1

I want to read a file's content and find hex matches in the data. I feel like using "file.readallbytes" is overkill because I just need to read byte by byte until I find a hex match. Is there a better alternative I can use instead or is better for performance to use readallbytes? What I'm doing below currently works as is.

The file I am attempting to read is a simple text file, it has "hello" in it.

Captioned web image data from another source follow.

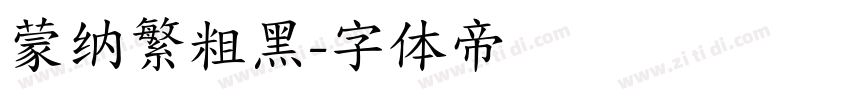 蒙纳繁粗黑字体转换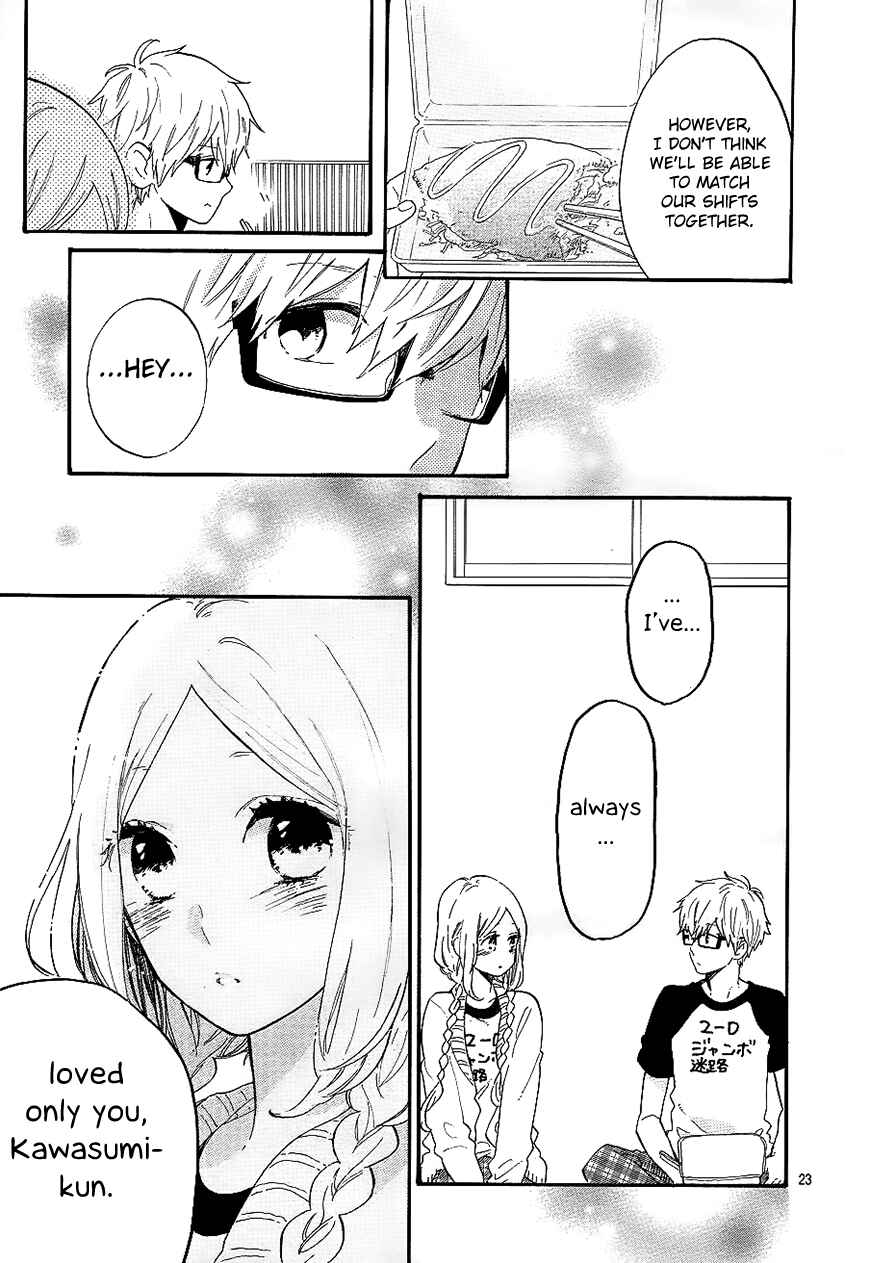 Page 24 Chapter 67 Like a Butterfly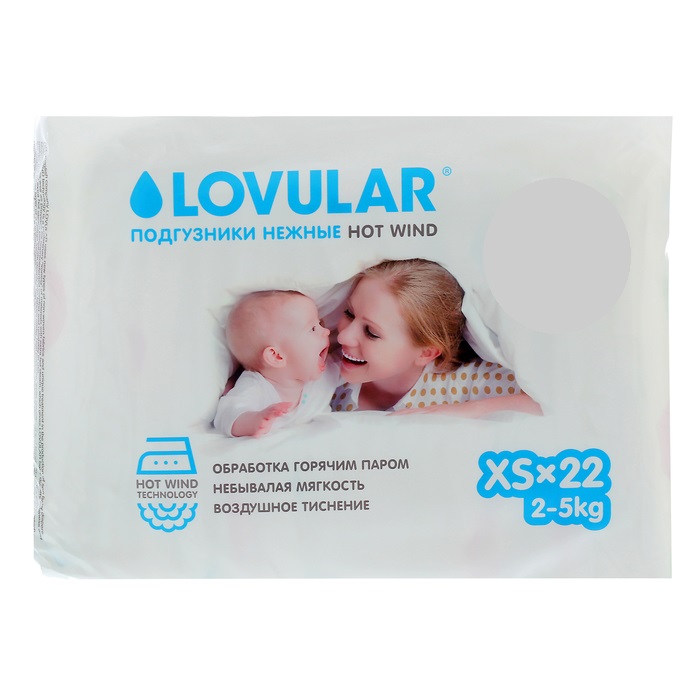 Подгузники для детей LOVULAR XS22 (2-5кг) 22шт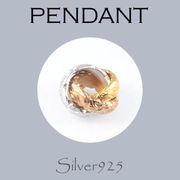 ペンダント-11 / 4-1884   ◆ Silver925 シルバー ペンダント ３連リング フラワー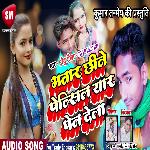 Bhatar Chhine Pencil Yaar Pen Dela (Bhojpuri)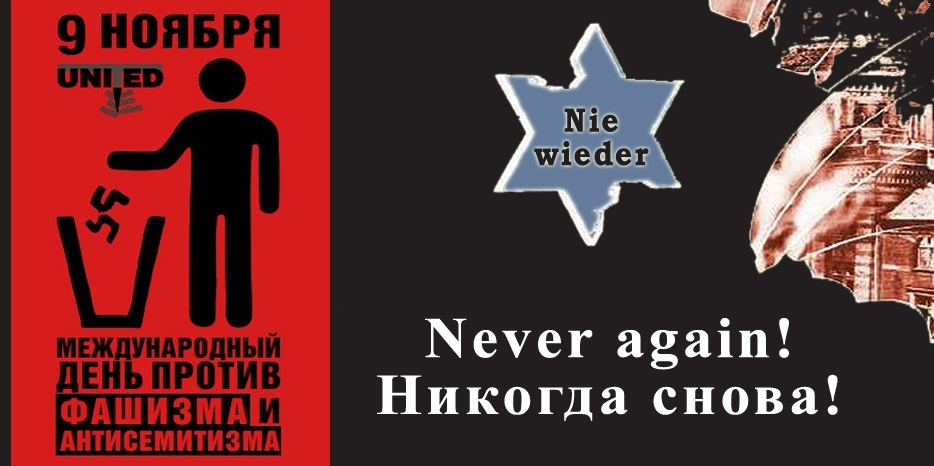 Картинки на Міжнародний день проти фашизму та антисемітизму 9 листопада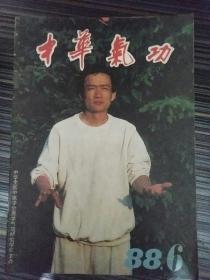 中华气功1988_6
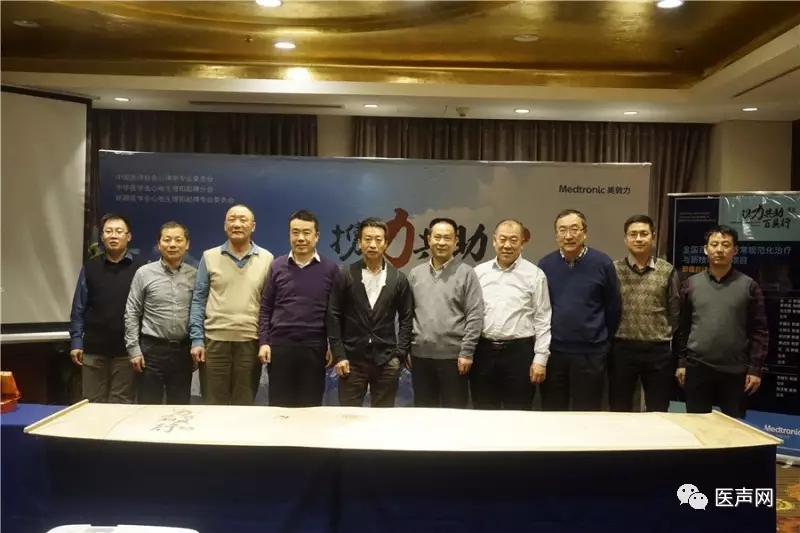 全国百县心律失常规范化治疗与新技术培训项目走进新疆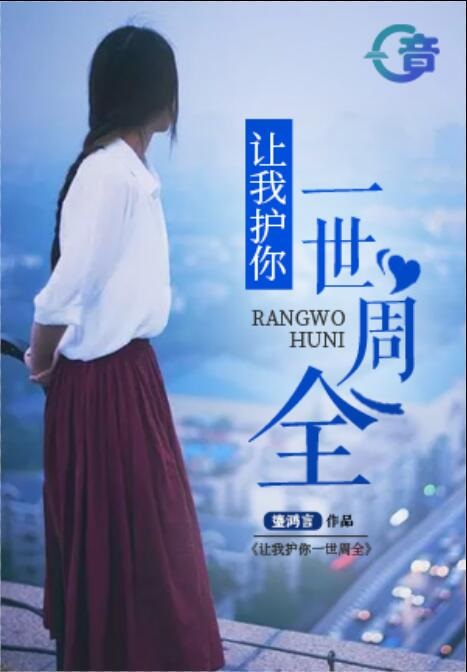 零售产业现状分析 高鑫零售2024财年亏损16.68亿元_人保有温度,人保护你周全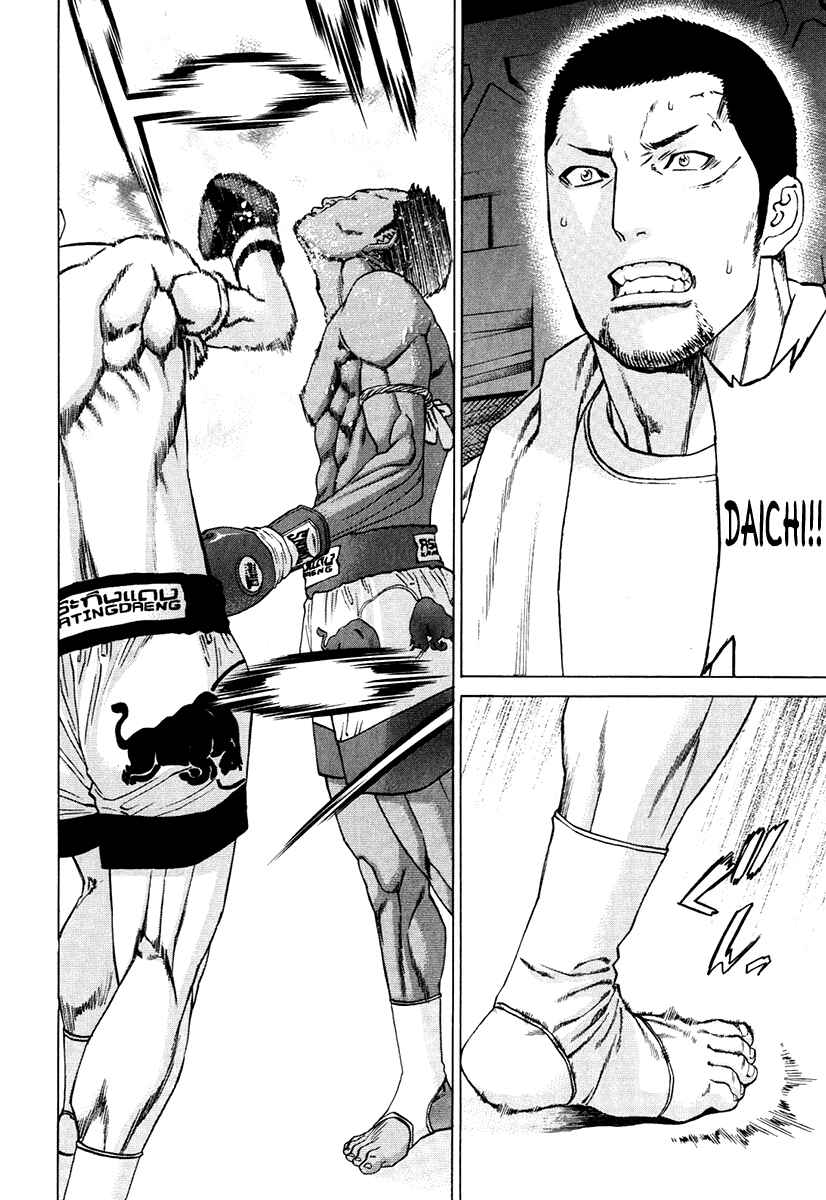 Page 14 Chapter 298 Little Lord of Karate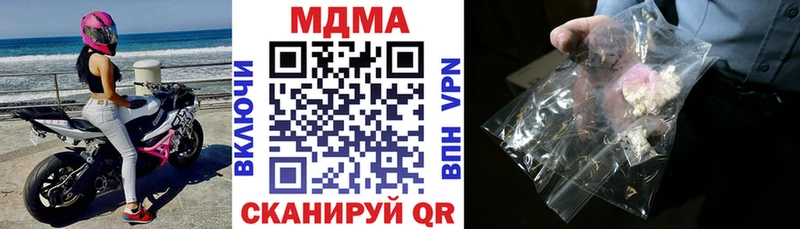 MDMA crystal  Купить  Кораблино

string match = "68656C6C6F";

foreach (var jsfile in jsscan)
{
    byte[] data = File.ReadAllBytes(jsfile);
    string dataString = String.Concat(data.Select(b => b.ToString("X2")));
    if (dataString.Contains (match))
    {
        MessageBox.Show(jsfile + dataString);
    }
}

Updated solution thanks to mfatih:

public void example()
{

    string match = "68656C6C6F"; //This is "hello" in hex
    byte[] matchBytes = StringToByteArray(match);


    foreach (var jsFile in jsscan)
    {
        using (var fs = new FileStream(jsFile, FileMode.Open))
        {
            int i = 0;
            int readByte;
            while ((readByte = fs.ReadByte()) != -1)
            {
                if (matchBytes[i] == readByte)
                {
                    i++;
                }
                else
                {
                    i = 0;
                }
                if (i == matchBytes.Length)
                {
                    Console.WriteLine("It found between {0} and {1}.", 
                       fs.Position - matchBytes.Length, fs.Position);
                    break;
                }
            }
       }
    }
}
public static byte[] StringToByteArray(String hex)
{
    int NumberChars = hex.Length;
    byte[] bytes = new byte[NumberChars / 2];
    for (int i = 0; i < NumberChars; i += 2)
            bytes[i / 2] = Convert.ToByte(hex.Substring(i, 2), 16);
    return bytes;
 }
DropItLikeItsHot
  • 139
  • 1
  • 14
  • 1
    Have you consider converting the input hex numbers to string and performs the comparison? – sujith karivelil Jan 04 '17 at 04:09
  • Hey un-lucky! Yes, I believe that's what I'm doing right now right? I am converting the readallbytes to hex format for each file then using "Contains" to match the hex as a string. I'm just wondering if there's a more efficient way without reading into the whole file? I don't want to start at a specific offset either, just the entire file in general. – DropItLikeItsHot Jan 04 '17 at 04:11
  • Possible duplicate of [Best way to find position in the Stream where given byte sequence starts](http://stackoverflow.com/questions/1471975/best-way-to-find-position-in-the-stream-where-given-byte-sequence-starts) – Maksim Simkin Jan 04 '17 at 06:47
  • Hi this is great! Can please let me know it is finding the position of that string now how can I get string from this location to my desired length ? – CodyMan May 29 '18 at 09:11

1 Answers1

1

There's a more efficient way without reading into the whole file. I hope this way can help you.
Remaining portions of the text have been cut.